Nuestra conducta no es inconsecuente. Lo es para ser salvo —no es digna de merecer salvación— pero no es inconsecuente para nuestra vida de santificación. El evangelio rescata a los indignos para que vivan de forma digna conforme a 3 asombrosas realidades que acompañan a nuestra salvación.
La primera es la de ser hijos adoptivos. Pasamos a formar parte de la familia real de Dios con todos los derechos a la fortuna de nuestro hermano mayor, Cristo. Como tales, debemos conducirnos con la etiqueta social de la realeza.
También hemos sido hechos embajadores de Dios. Representantes oficiales cuyo trabajo es engrandecer la imagen de Cristo, dedicarnos a sus intereses y renunciar a los nuestros.
Finalmente, fuimos hechos sacerdotes del Dios santo, consagrados al servicio del templo santo con acceso cotidiano al lugar santísimo.
Por lo tanto, no debe existir indiferencia práctica a nuestro estilo de vida, pues la salvación no consiste solo en salvarnos del infierno, es también un salvarnos para dar testimonio que refleje a Cristo de forma tangible.
El cristiano es un árbol frutal
Pero el cristiano se considera también un árbol frutal que se conoce por sus frutos (Mateo 7:16). No existe en la Escritura un cristiano infructífero. Su unión a Cristo no es simbólica; es tan vital como la conexión de una manguera al hidrante: produce vida espiritual a chorros. Y aunque la productividad de los cristianos no es uniforme, pues incluye épocas de aridez y varía entre cristianos (algunos producen a ciento, a sesenta, y otros a treinta por uno; Mateo 13:22), la métrica de su vida mostrará fruto creciente. El cristiano, por tanto, es exhortado a ser hallado lleno de frutos de justicia.
Pero el árbol frutal cristiano no es convencional, es exótico. Es un árbol “tuti fruti” que produce toda especie de fruto. Comienza por convertirse en un adorador —el primer fruto es vertical, así como los primeros mandamientos son verticales— continúa con los horizontales: frutos sociales (evangeliza a los perdidos y ama a los rescatados) y finalmente de él brotan virtudes espirituales llamadas frutos del Espíritu.

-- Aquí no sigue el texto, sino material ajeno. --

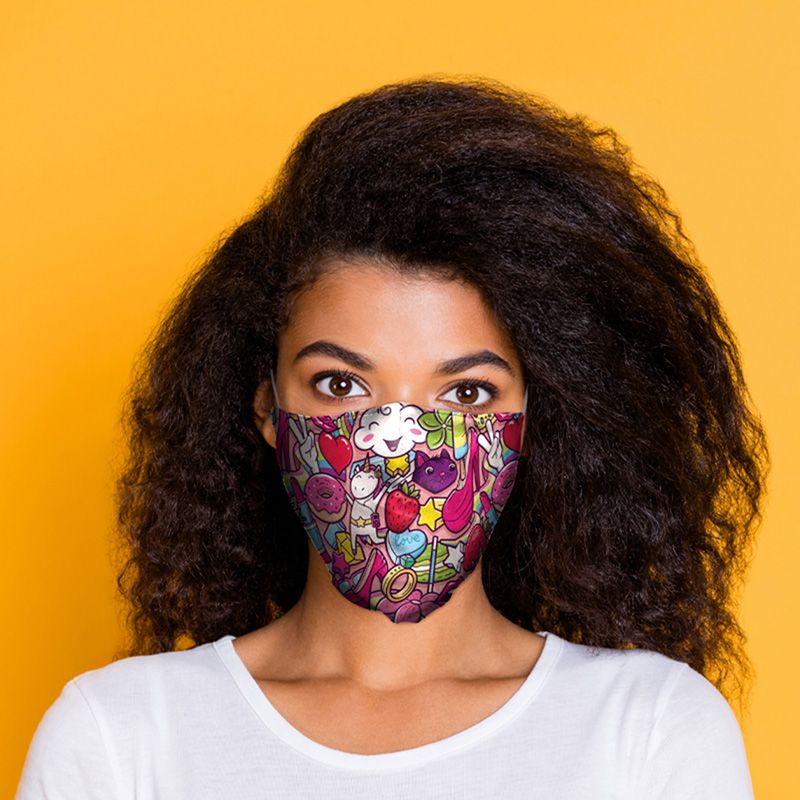 Masca de protectie faciala - Sweet Teen Unicorn Face Covering, large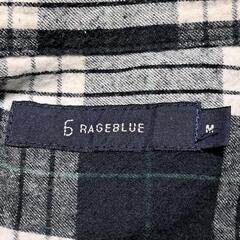 RAGEBLUE シャツ Yシャツ M メンズ レディース チェック柄 長袖シャツ ボタンダウン 古着の画像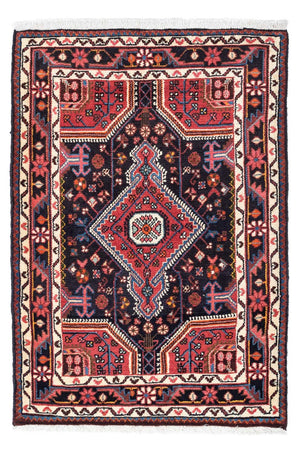 Perski dywan - Nomadyczny - 121 x 82 cm - ciemnoniebieski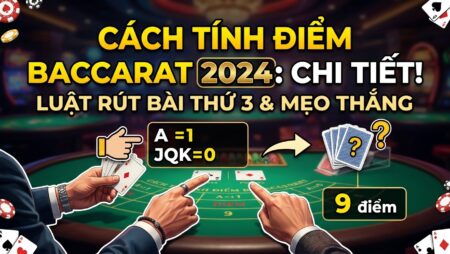 Cách tính điểm Baccarat chuẩn: Luật rút bài thứ 3 & mẹo thắng
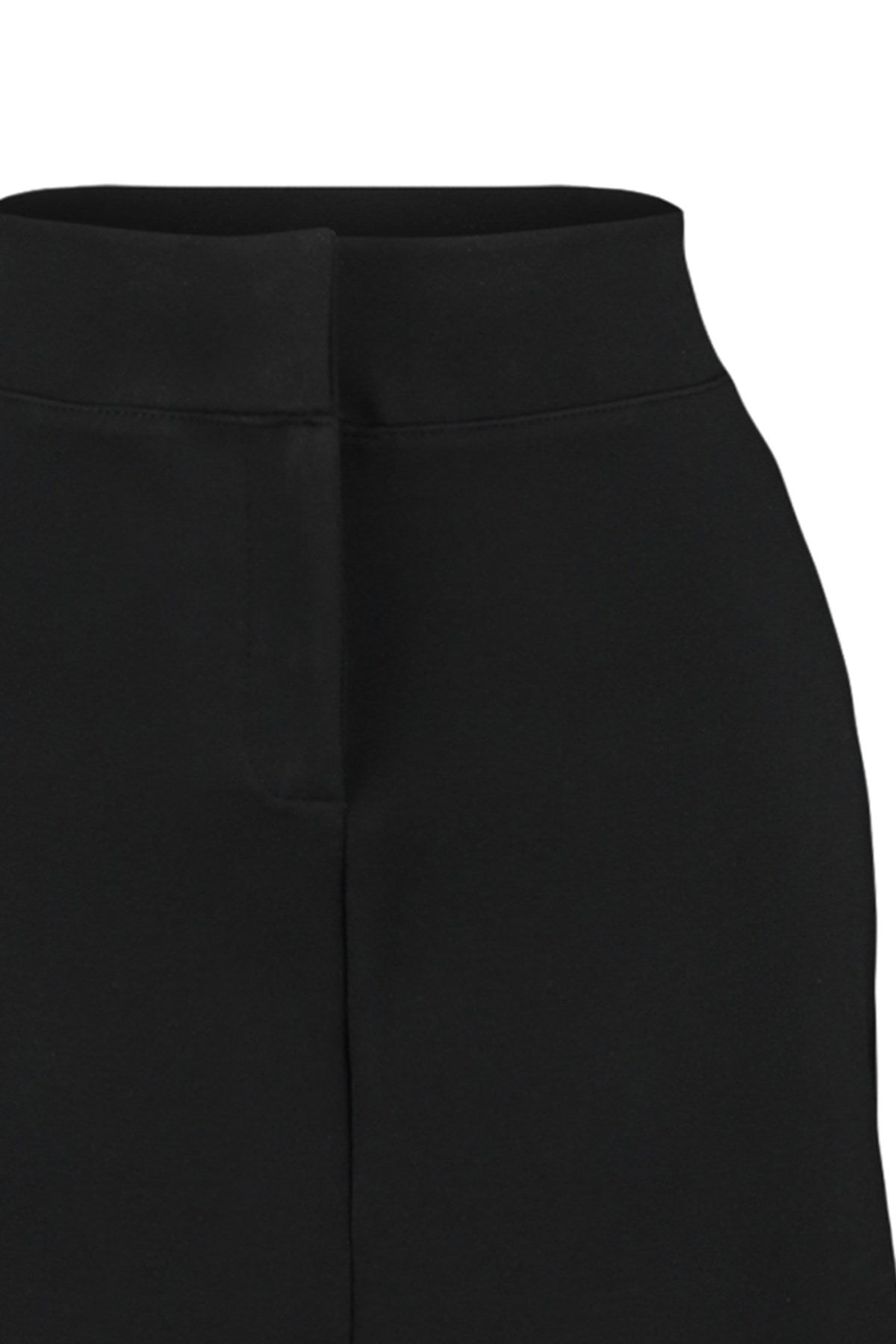 Black Interlock High Waist Zipper Mini Knit Skirt Twoaw24et00195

El cristiano es un árbol bien arraigado
¿Qué tan profundo puede arraigar un árbol? En África existe una higuera gigantesca cuyas raíces profundizan 400 pies (122 metros). Para que un árbol pueda crecer hacia arriba primero debe crecer hacia abajo. Cuanto más profundas sea las raíces, mayor es el crecimiento del árbol, su fruto y su follaje. El crecimiento espiritual no es automático, requiere raíces que profundizan para que la ignorancia se disipe, la fe solidifique, y el conocimiento se transforme de datos en la mente a convicciones de corazón.
Este aspecto ha de ser el más indispensable, pues es a la medida que el árbol está arraigado que ha de erguirse como árbol llamativo y de frutos abundantes. El cristianos arraigado en Cristo será como árbol plantado junto a corrientes de aguas, que da su fruto en su tiempo, su hoja no cae, y todo lo que hace prosperará.